When the cult of Venus came into Greece, the Hieroduli were introduced along with it. But they stripped off in Greece their Asiatic character, which they assumed again only in particular sea-port towns at the period of the decline of the moral greatness of the Nation, in places where the temple of Aphrodité Πόρνη (Harlot) was found. Specially was this so at Corinth63, in which city were more than a thousand female Hieroduli, who were presented as slaves to the Temple. These attracted a great concourse of strangers to the place, and in particular used to prey upon sea-faring visitors. Possibly however in this case as in others a confusion took place between the Hieroduli properly so-called and the Hetaerae (Lady-Companions), who were euphemistically entitled Priestesses, Handmaids of Aphrodité, because they were under the patronage of that goddess, just as in a general way sexual enjoyment was called an offering to Venus.

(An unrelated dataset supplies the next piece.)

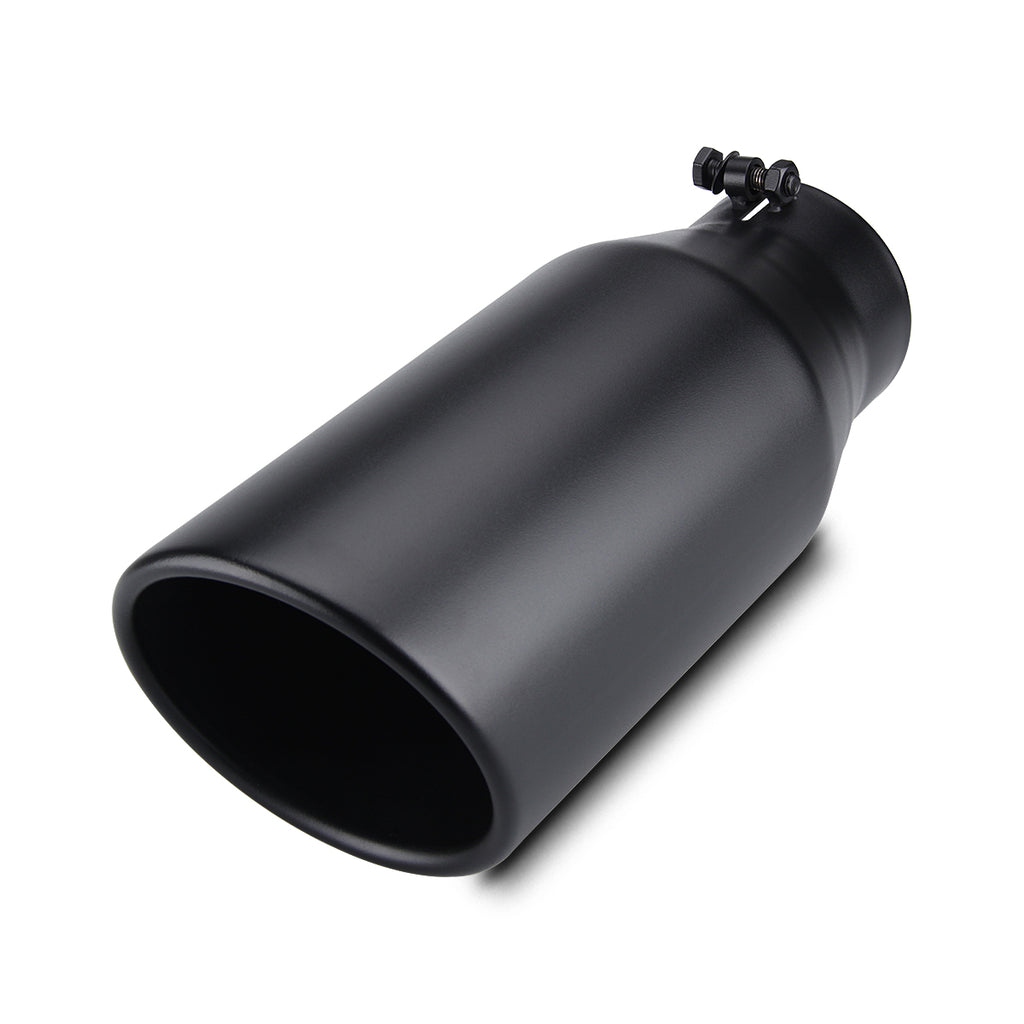 4" Inlet 6" Outlet 15" Long Exhaust Tip Bolt On Black SS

This would offer the best solution of the question, early debated, of the morality of the Hieroduli. It was quite opposed to Greek feeling to worship Aphrodité after the Asiatic manner in her temples; and so the Greek distinguished his Venus Urania from the Venus Pandemos, and on the same principle separated her temples into two categories, and made the temples of Aphrodité Pandemos, Porné and Praxis (Common to All, Harlot, Sexual Intercourse) into the οἰκήματα τῆς Ἀφροδίτης (houses of Aphrodité) serving as ordinary brothels, the latter being only intended for Foreigners originally.
How and under what form the cult of Venus came into Italy is uncertain, but the legend represents Aeneas as having brought it from Troy to Lavinium and Laurentum64, and already in the time of Romulus a Venus Myrtea (Venus of the Myrtle) was venerated at Rome. In addition a Venus Cloacina, Erycina, Victrix, and Verticordia (Venus—the Purifier, of Mount Eryx, of Victory, the Turner of Hearts) are mentioned, as also a Venus Calva (bald), whose worship King Ancus is said to have introduced, at a time when the Roman women had lost their hair through a plague and it had grown again by the help of Venus65. Not only are the notices as to Venus worship in Italy very scanty, but everything on the subject points to the fact that what there was of it in later times showed little of the Asiatic impress; and we can conveniently leave the matter where it is. Some questions belonging to the subject will be discussed later under the heading Brothels. In Spain too the worship of Venus was so unimportant that there is no need to enter more closely into the point.